I have a small application that needs to run continuously in the background. The program is able to setup directory monitoring services, HTTPS listeners, and other services that need to remain running as a part of the main service thread.
However, users also need to interact with the program and execute tasks manually, configure various settings, etc. I've made a command-line interface using jline and argsparse4j that allows users to do this.
I can run the main CLI thread, which can do all of the things I want, but as soon as I close the thread, all of those services shutdown with the main thread.
I've counteracted this using process builder and having shell scripts that launch separate instances of the jvm to run certain processes, but this just feels wrong.
I need to combine the best of both worlds here, by having a persistent service that a user can essentially login to, and log out of, but is all local.
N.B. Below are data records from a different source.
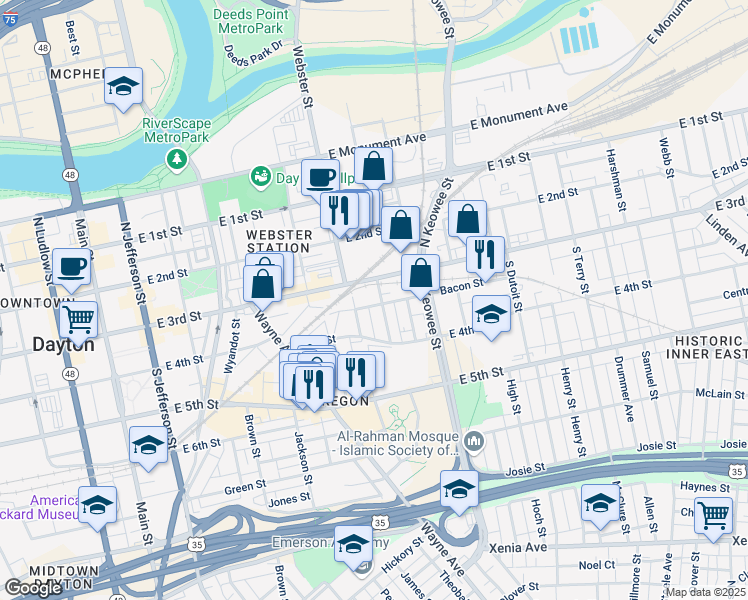 map of restaurants, bars, coffee shops, grocery stores, and more near in Dayton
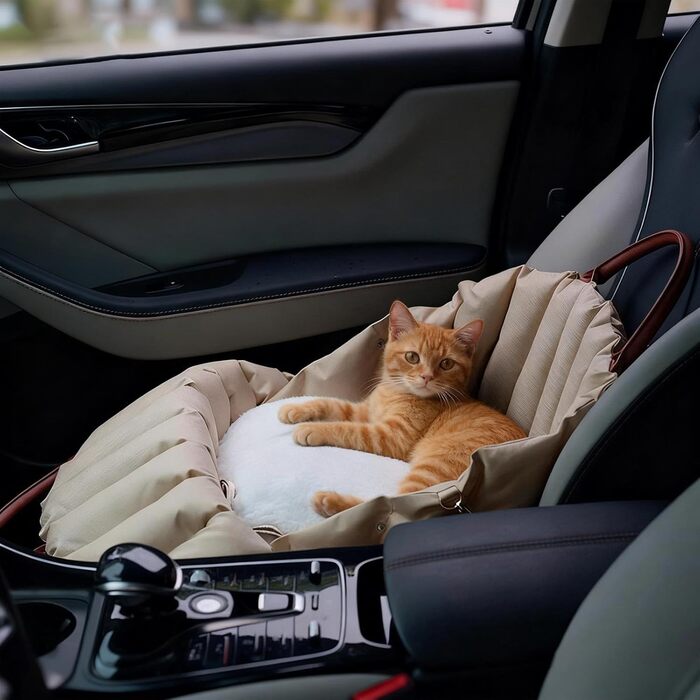 Автокрісло для собак, переноска для собак до 5 кг, неслизьке автокрісло для собак, стильне автокрісло для собак (сірий)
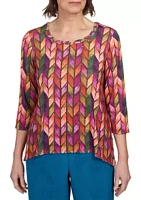 Alfred Dunner Women's Missy Classics Chevron Knit Top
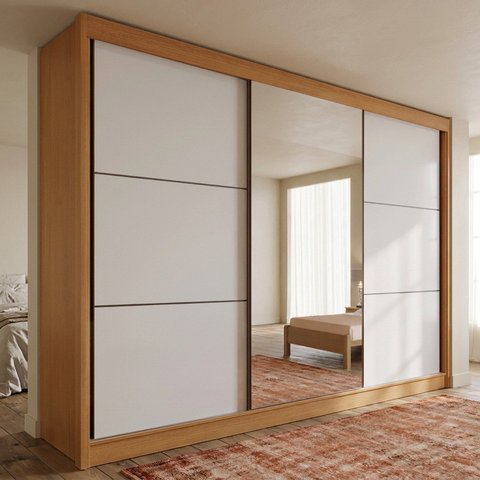 Guarda-Roupa Casal com 3 Portas de Correr e 6 Gavetas com Espelho 100% MDF Cinamomo Off-White Miami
The first thing that comes to mind is how mysql behaves. MySQL runs as a service at all times, but the user can type mysql
, with some login parameters, and "login" to mysql to execute commands. This is exactly how I would like my program to work.
My first idea was to just wrap all the functionality in an API of sorts, and possibly use a message queue protocol like AMQP, and then decouple the command line interface to send messages to the service. This makes a lot of sense as well, because we're also enabling an HTTPS REST API on the same client, to allow remote users to use its functionality. So we'd just have two message protocols to process within the API.
However, I am wondering if there are any better or simpler alternatives than writing a full-fledged message-based API that is client-server?
Ultimately, we chose to go the route of having a backend REST API that was implemented with the Spark Framework for Java. This may not be the most robust, and user feedback has been an issue. We've split our command-line interface to submit REST calls, and display results to the user.